Although this conclusion alone closed the door on the plaintiffs’ claims under the Utica policy, the Court nevertheless embarked upon an analysis of coverage in light of the exclusion contained in the Utica policy for the “independent acts or omissions” but the additional insured. The Court noted that cases in other jurisdictions have held that “the ‘independent acts’ exclusion limits coverage to instances in which the additional insured’s alleged liability is based on vicarious liability for the insured’s acts, excluding instances in which the additional insured’s liability is based solely on its own conduct.” (emphasis added). Id. (citing Edwards v. Brambles Equip. Servs., Inc., 75 Fed. Appx. 929, 932 (5th Cir. 2003) (Louisiana law); United Constr. Ent. Co. of St. Louis v. Am. Contractors Ins. Grp., Inc., No. 10-CV-81, 2011 WL 1258557, at *5-7 (S.D.Ill. Mar. 21, 2011) (Illinois law); St. Paul Fire & Marine Ins. Co. v. Hanover Ins. Co., 187 F. Supp.2d 584, 594-95 (E.D.N.C. 2000) (North Carolina law)).
With these decisions in mind, the Court once again emphasized that the underlying actions sought only to impose liability on the plaintiffs for their independent acts and omissions.

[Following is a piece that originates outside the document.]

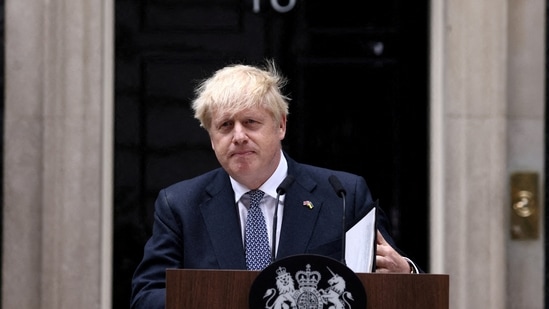 UK PM Liz Truss Resigns: British Prime Minister Boris Johnson makes a statement at Downing Street in London.(Reuters File)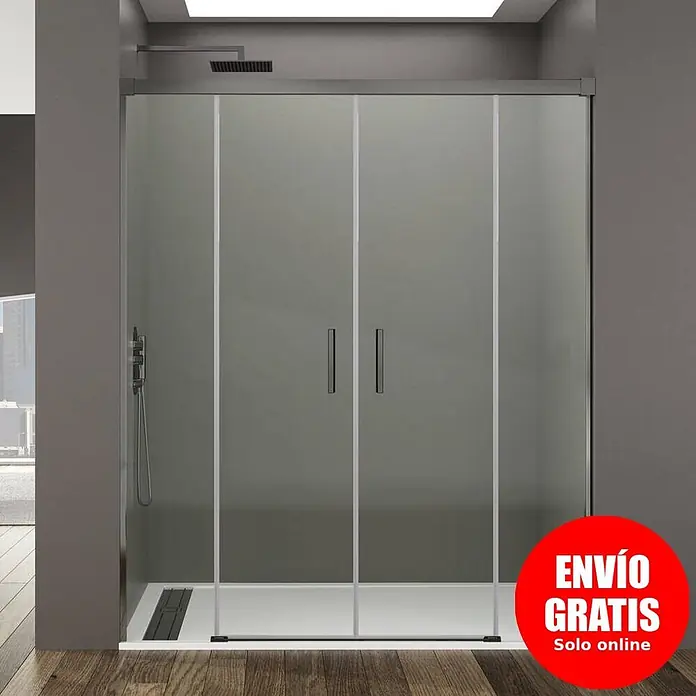 GME Mampara de ducha frontal Basic Spazio - 150 x 195 cm, Vidrio transparente, Longitud regulable: 142 cm - 152 cm, Titanio - Mampara de ducha moderna con puertas de cristal esmerilado y plato de ducha blanco en un baño.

Thus, “[n]one of the causes of action in the Anchundia or Schmukler complaints could have resulted in Plaintiffs being held vicariously liable for AET’s acts or omissions…” Id. at 16. Consequently, the Court held that “even if liability in the Underlying Actions was covered by the insuring agreement, it would have been excluded by the independent acts exclusion.” Id. at 16-17.
Finally, the Court reached the question of whether St. Paul, as the excess insurer, breached its duties to defend and indemnify the plaintiffs. The Court began its analysis by citing the following provision from the St. Paul policy: “There is no coverage under this policy for Bodily Injury…unless a Retained Limit applies.” Id. at 17. Since the “Retained Limit” was the limit of Utica’s primary insurance coverage, the Court held that “the absence of coverage under the Utica Policy establishes the absence of coverage under the St. Paul Policy.” Id.
The inquiry did not, however, end there. The St. Paul policy further provided that coverage could still exist if “such coverage is specifically provided by endorsement to this policy.” Id. There was no specific endorsement in the St. Paul policy that would provide coverage for the plaintiffs in the underlying actions; therefore, the Court held that St. Paul did not have a duty to indemnify the plaintiffs. Id.
Furthermore, since St. Paul was the excess insurer, the Court explained that “any duty to defend that St. Paul might have would arise only if the $1 million limit in the Utica Policy was exhausted.” (emphasis added). Id. at 21. Relying upon Connecticut Superior Court cases, as well as extra-jurisdictional cases, the Court noted that, in general, an obligation to defend is not imposed upon excess carriers prior to the exhaustion of the underlying policy limit. Id. at 21-22. “Thus, both because of the absence of coverage under the St. Paul Policy, and because St. Paul’s status as an excess carrier, St. Paul did not breach a duty to defend.” Id. at 23. Accordingly, the Court entered summary judgment in Utica and St. Paul’s favor and denied the plaintiff’s motion.